**EXERCISE AIM**
Beginning with the line that contains "Load image into", print each line to the end of the data exactly. Omit the pictures.

**Entries taken from a collection**

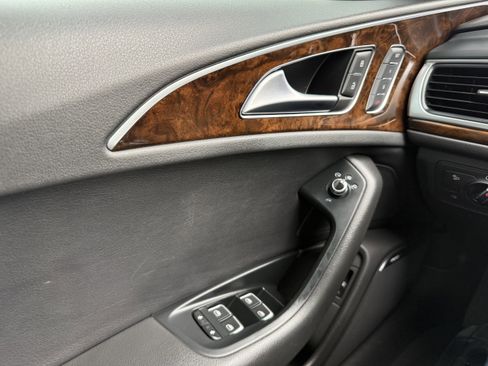Used 2015 Audi A6 3.0T Prestige image 38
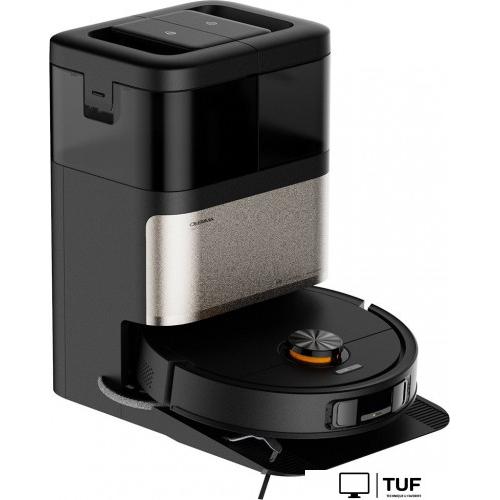 Робот-пылесос Deerma DEM-X70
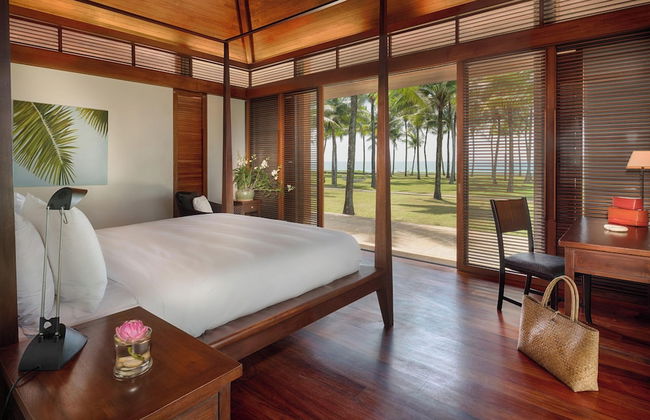 Villa Ananda at Jivana Beach Villas - Foto 2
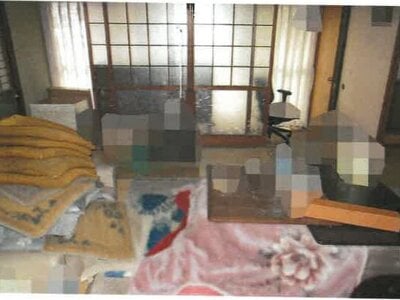 (値下げ) 岡山県井原市 早雲の里荏原駅2分 戸建て 218万円の競売物件 #11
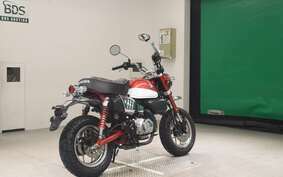 HONDA MONKEY 125 ABS JB02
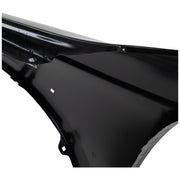 DURAFORCE Front Right Fender For 2001-2004 Toyota Tacoma Primed Steel With Molding Holes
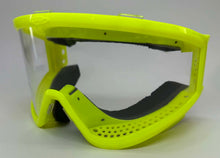 Load image into Gallery viewer, New JT THIN Proflex Frames - Black, Smoke, White, Clear, Gray and Blood Red - with free QLS Foam
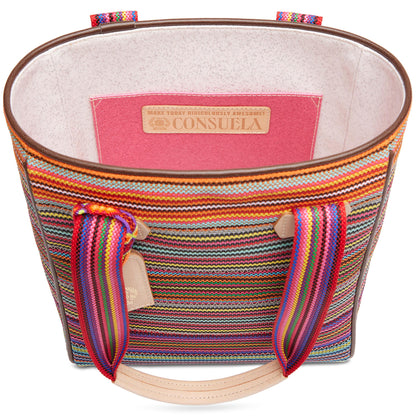 Consuela Tote Bag - Ale Chica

**OUTPUT**
 Load image into Gallery viewer, New JT THIN Proflex Frames - Black, Smoke, White, Clear, Gray and Blood Red - with free QLS Foam
 Consuela Tote Bag - Ale Chica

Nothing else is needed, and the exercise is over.